■ **MATERIAL TO PROCESS**
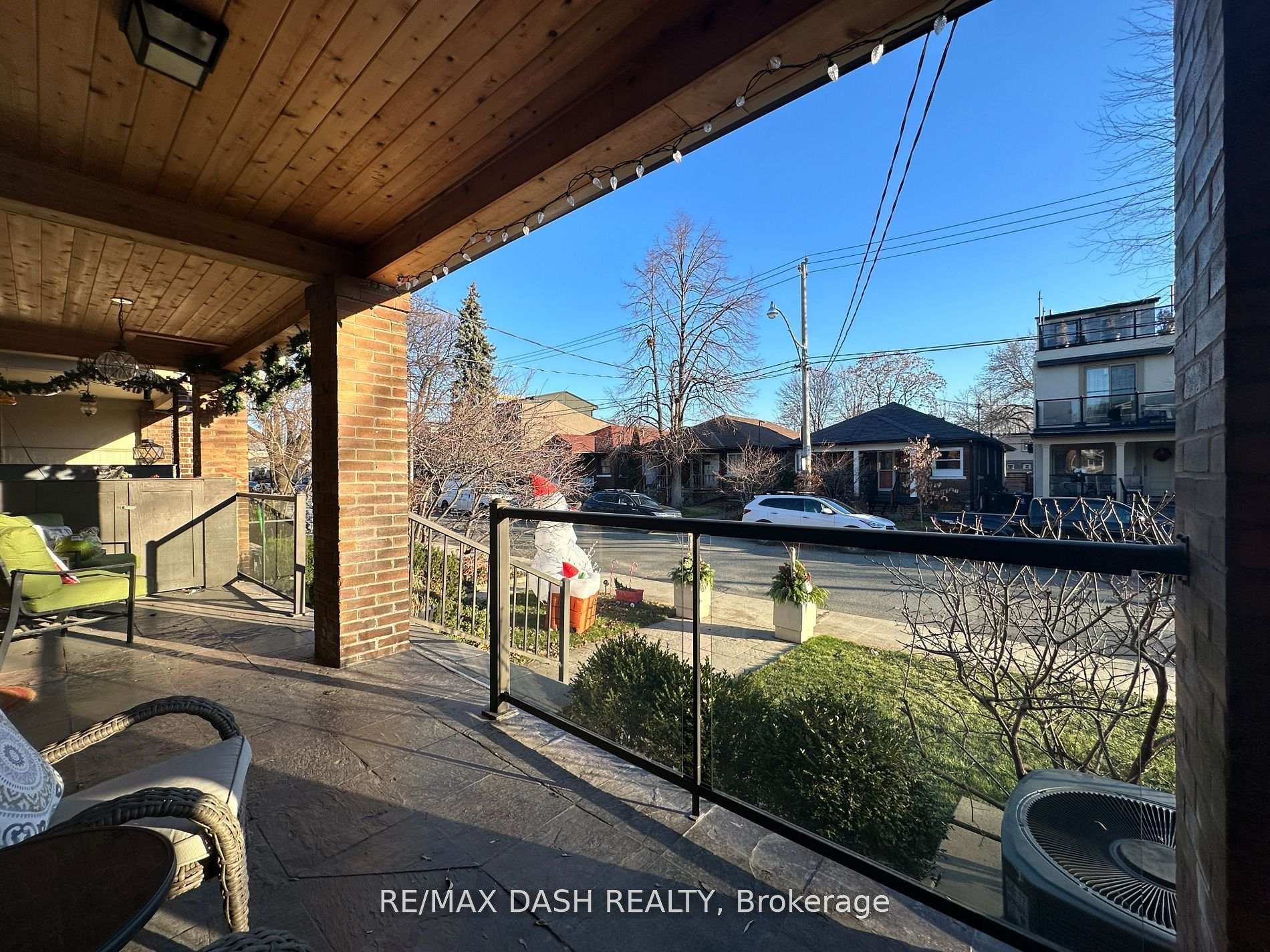24 Berkshire Avenue, Toronto E01 — photo 4 of 5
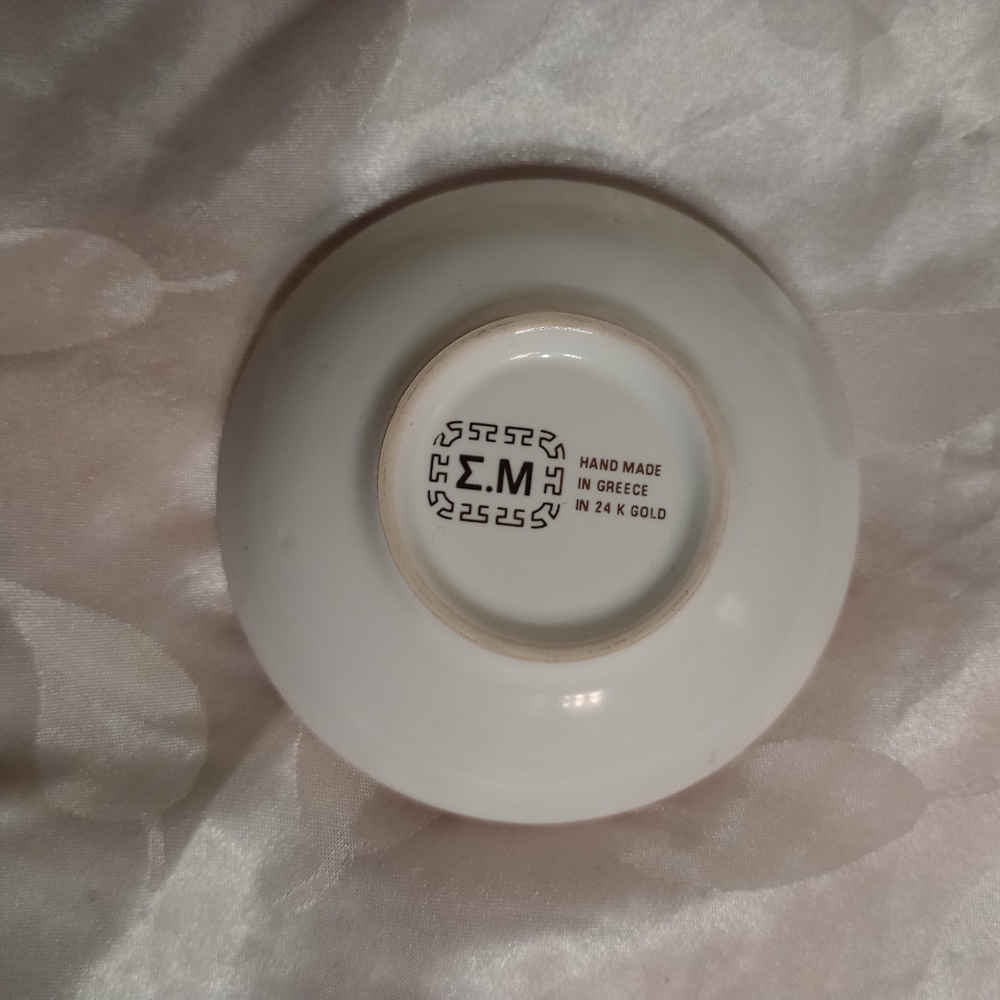 Handmade 24k gold detail ceramic trinket box - Picture 3 of 4
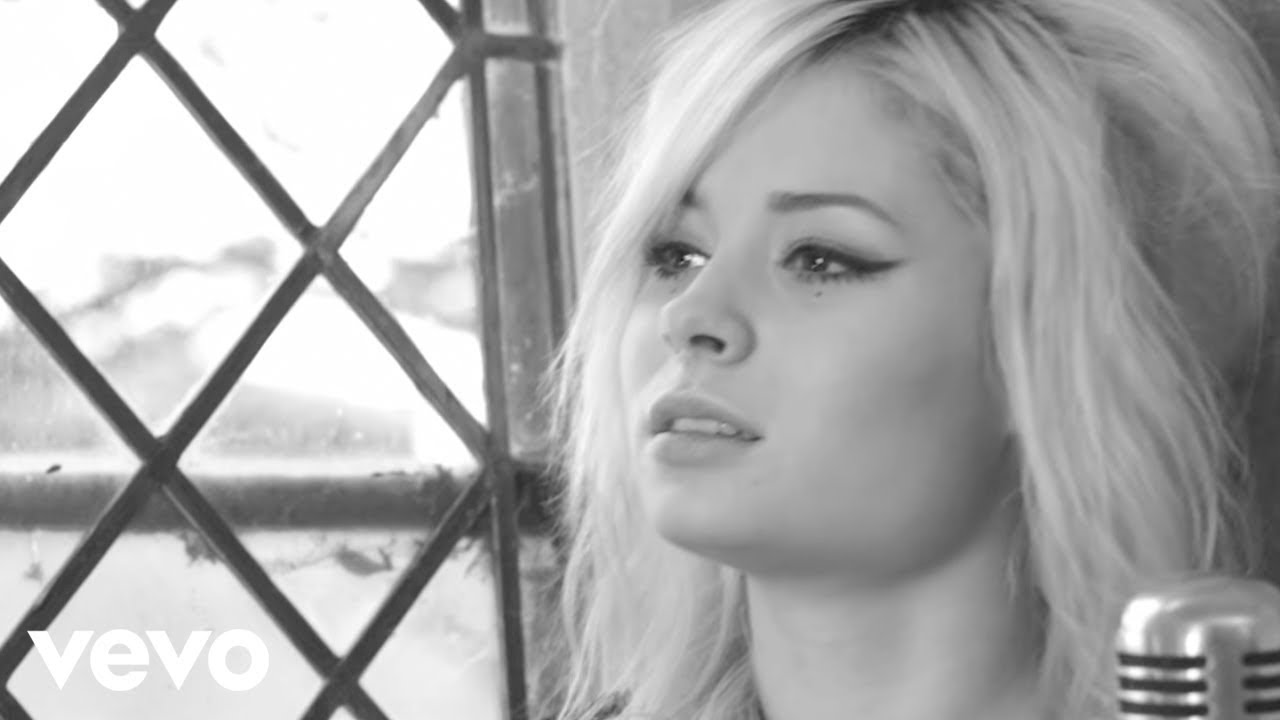Nina Nesbitt Performs 'The Hardest Part' in London 🎶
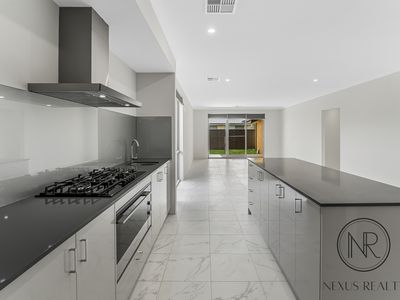11 Kenchuto Way, Southern River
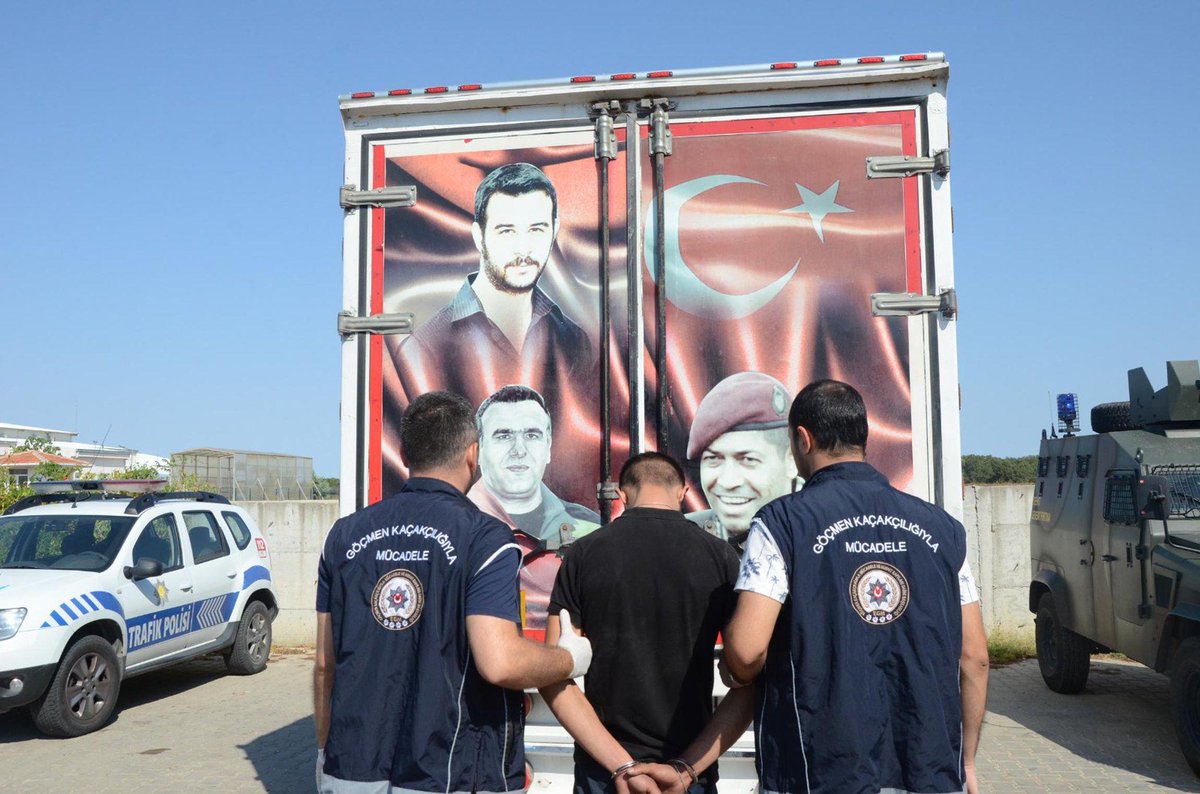 kacsaatolduson's tweet photo. Kırklareli’nde, uygulama noktalarından rahat geçebilmek için üzeri Ömer Halisdemir, Fethi Sekin ve Fırat Çakıroğlu’nun resimleri ile kamufle edilmiş bir tırın içinden 67 kaçak göçmen çıktığı anlaşılalı birkaç saat oldu https://t.co/IJTLqvrgyj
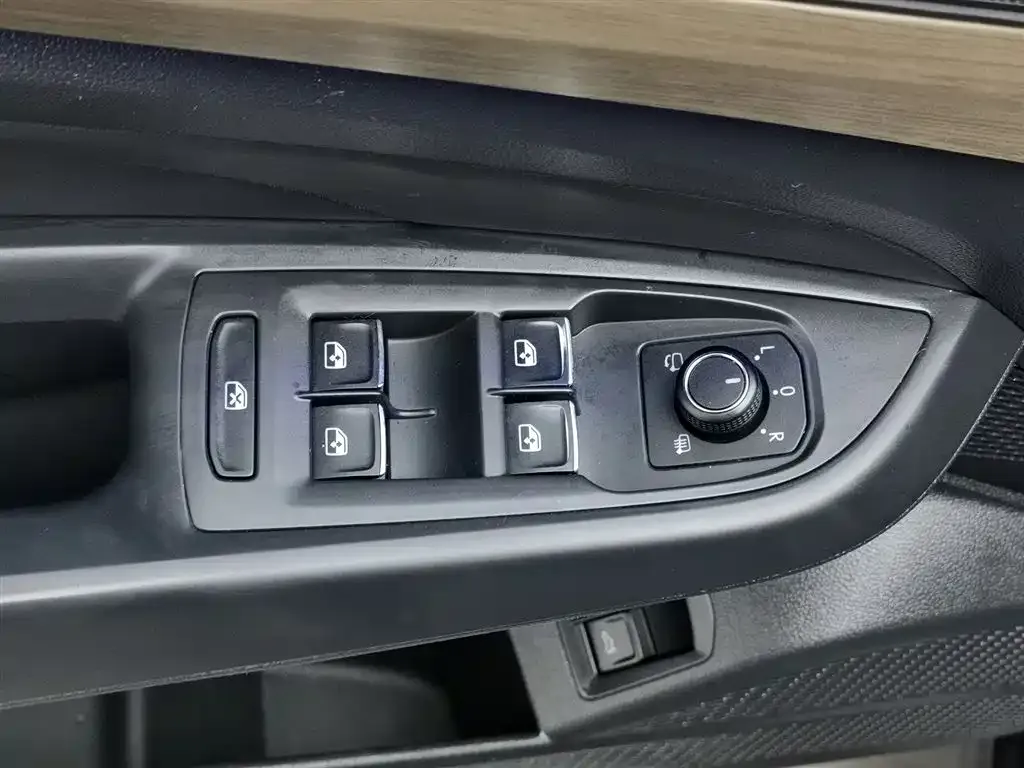 Volkswagen Passat New Energy — фото 9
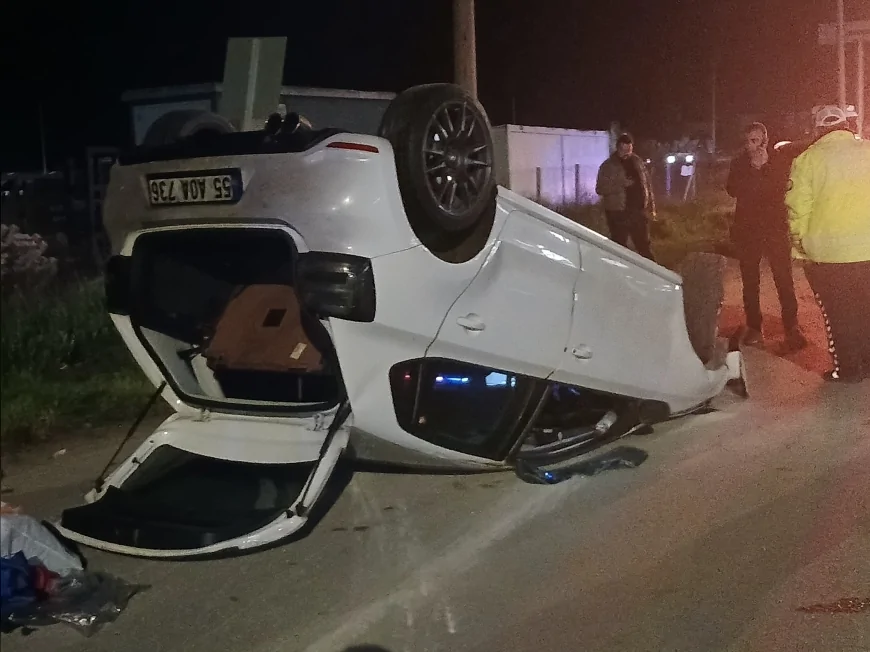 Çorum’da kontrolden çıkan otomobil devrildi karşı şeride geçen araçta 3 kişi yaralandı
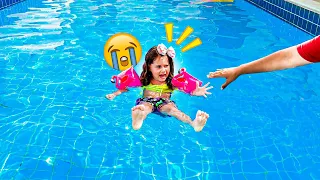 LAYRA APRENDE A NADAR SOZINHA NA PISCINA FUNDA!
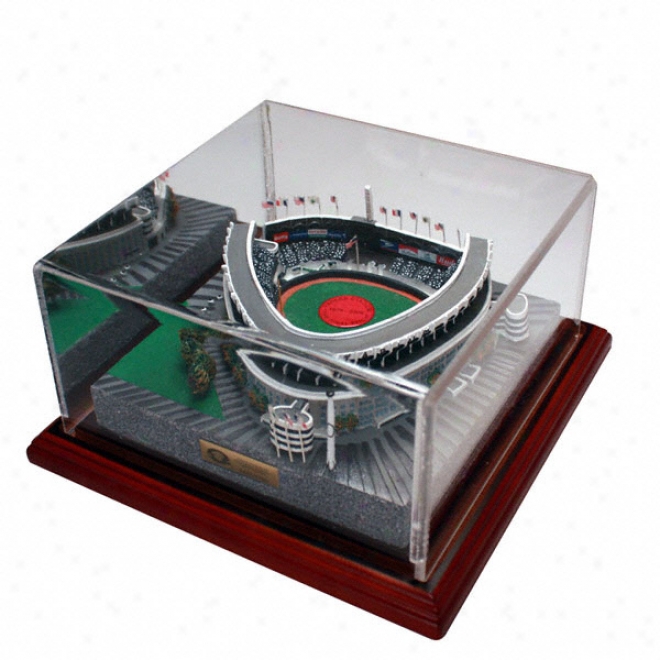 New York Yankees Yankee Stadium Replica With Case - Gold Series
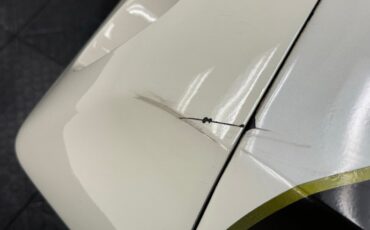 Unknown-Corvette-1974-White-Black-39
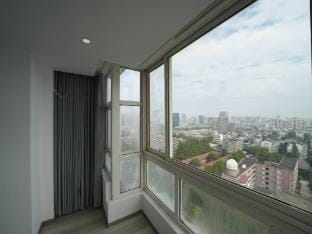 Huadianzan Hotel (Hangzhou Wulin Square Fengqi Road Subway Station Branch) Hotel in Hangzhou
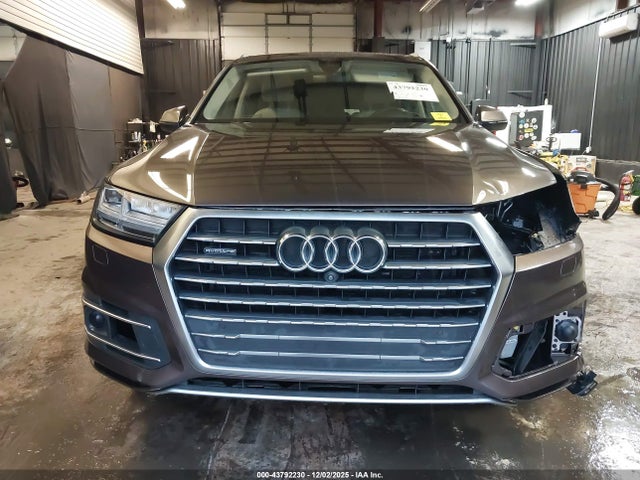 Audi Q7 3.0t Premium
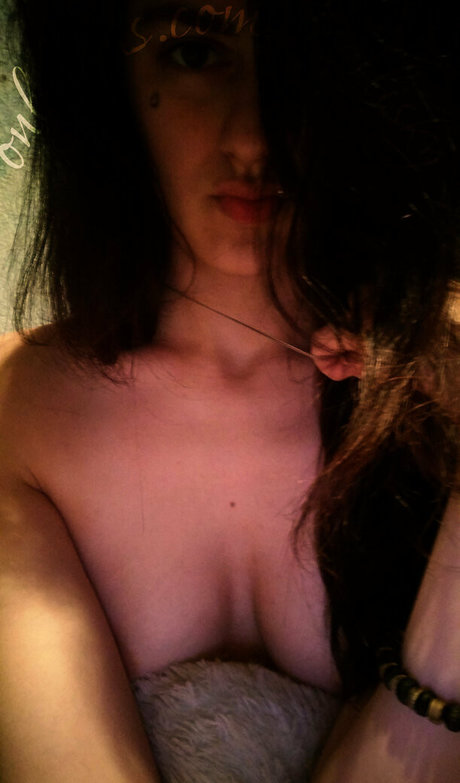 kalliskyfree hot actress pics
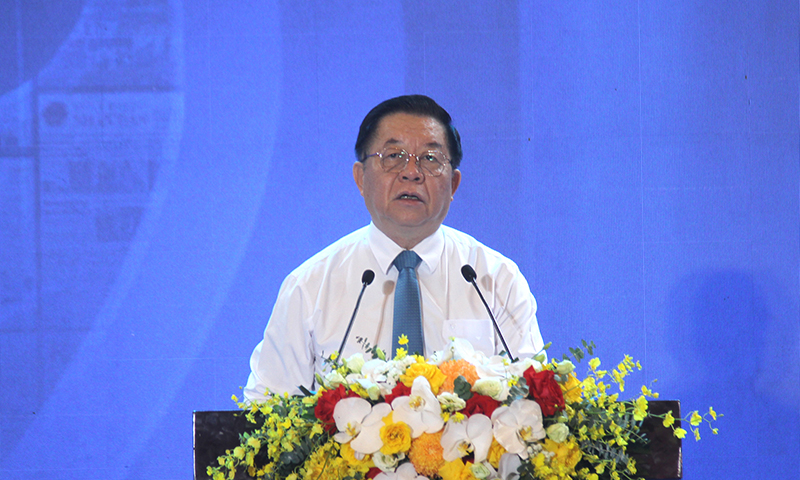 Đồng chí Nguyễn Trọng Nghĩa, Ủy viên Bộ Chính trị, Bí thư Trung ương Đảng, Trưởng ban Tuyên giáo và Dân vận Trung ương phát biểu tại lễ khai mạc.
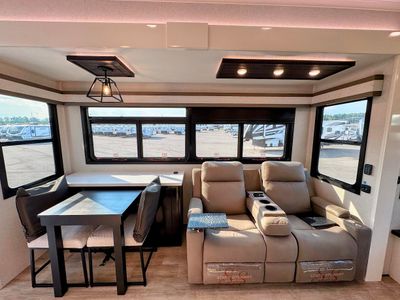 2026 Jayco Pinnacle — photo 10 view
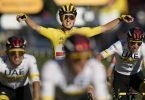 Geschafft: Tadej Pogacar feiert im Gelben Trikot nach der Zieleinfahrt in Paris seinen zweiten Gesamtsieg bei der Tour de France. Foto: Christophe Ena/AP/dpa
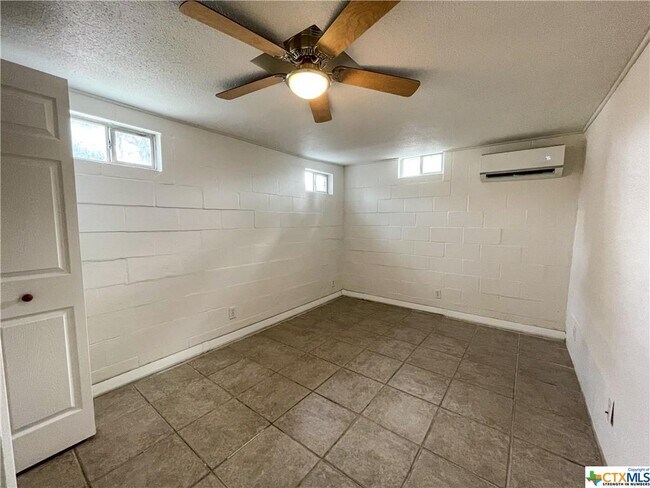 Building Photo - 668 Creekside Dr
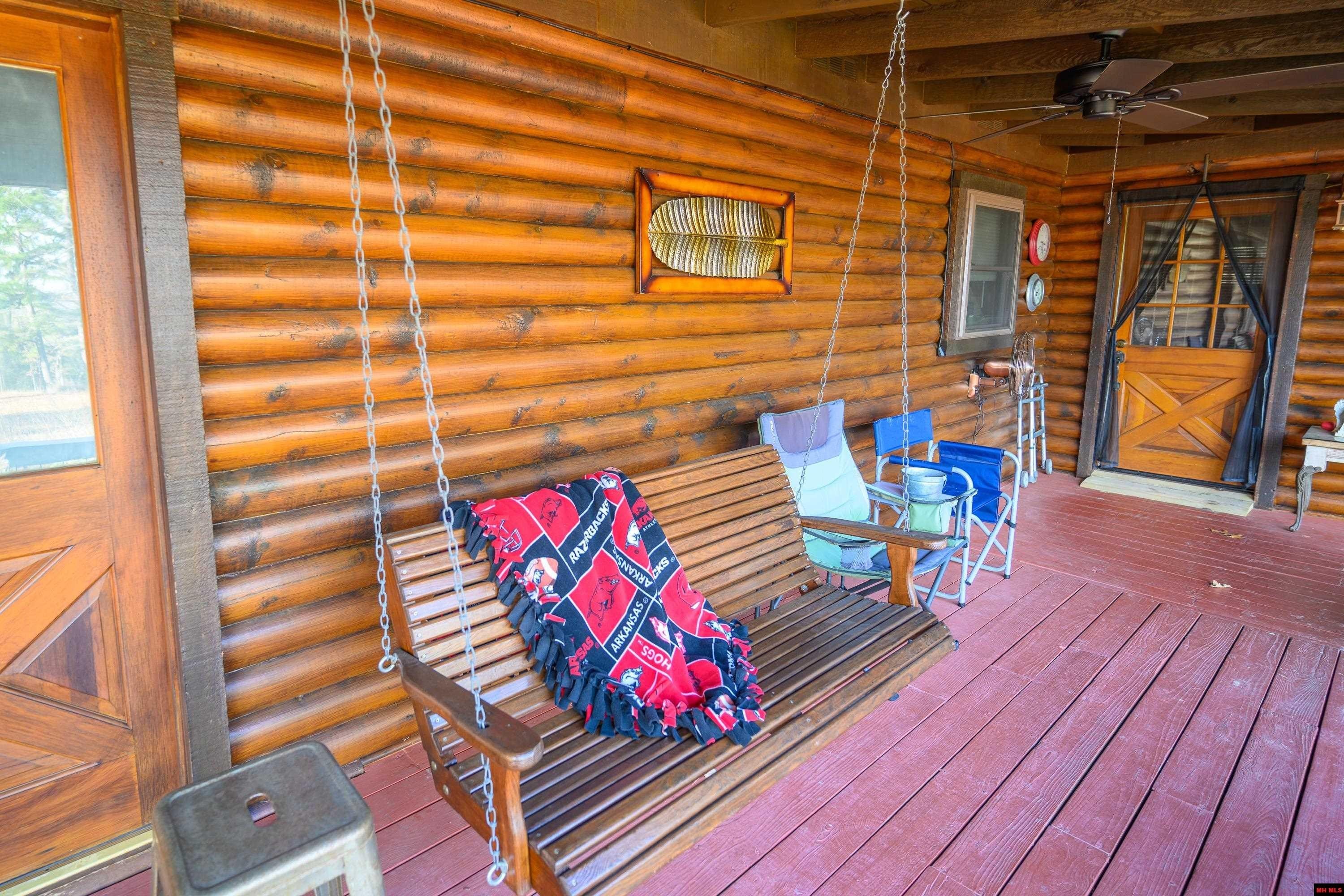 Mountain Home, Arkansas, 72653, United States, 2 Bedrooms Bedrooms, ,3 BathroomsBathrooms,Residential,For Sale,2009104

■ **PROBLEM TO SOLVE**
Everything from the line with "Volkswagen Passat New Energy — фото 9" down to the line with "Building Photo - 668 Creekside Dr" in the data above should be copied exactly, with both end lines kept and the pictures left out.

■ **EXPECTED ANSWER**
 Volkswagen Passat New Energy — фото 9
 Çorum’da kontrolden çıkan otomobil devrildi karşı şeride geçen araçta 3 kişi yaralandı
 LAYRA APRENDE A NADAR SOZINHA NA PISCINA FUNDA!
 New York Yankees Yankee Stadium Replica With Case - Gold Series
 Unknown-Corvette-1974-White-Black-39
 Huadianzan Hotel (Hangzhou Wulin Square Fengqi Road Subway Station Branch) Hotel in Hangzhou
 Audi Q7 3.0t Premium
 kalliskyfree hot actress pics
 Đồng chí Nguyễn Trọng Nghĩa, Ủy viên Bộ Chính trị, Bí thư Trung ương Đảng, Trưởng ban Tuyên giáo và Dân vận Trung ương phát biểu tại lễ khai mạc.
 2026 Jayco Pinnacle — photo 10 view
 Geschafft: Tadej Pogacar feiert im Gelben Trikot nach der Zieleinfahrt in Paris seinen zweiten Gesamtsieg bei der Tour de France. Foto: Christophe Ena/AP/dpa
 Building Photo - 668 Creekside Dr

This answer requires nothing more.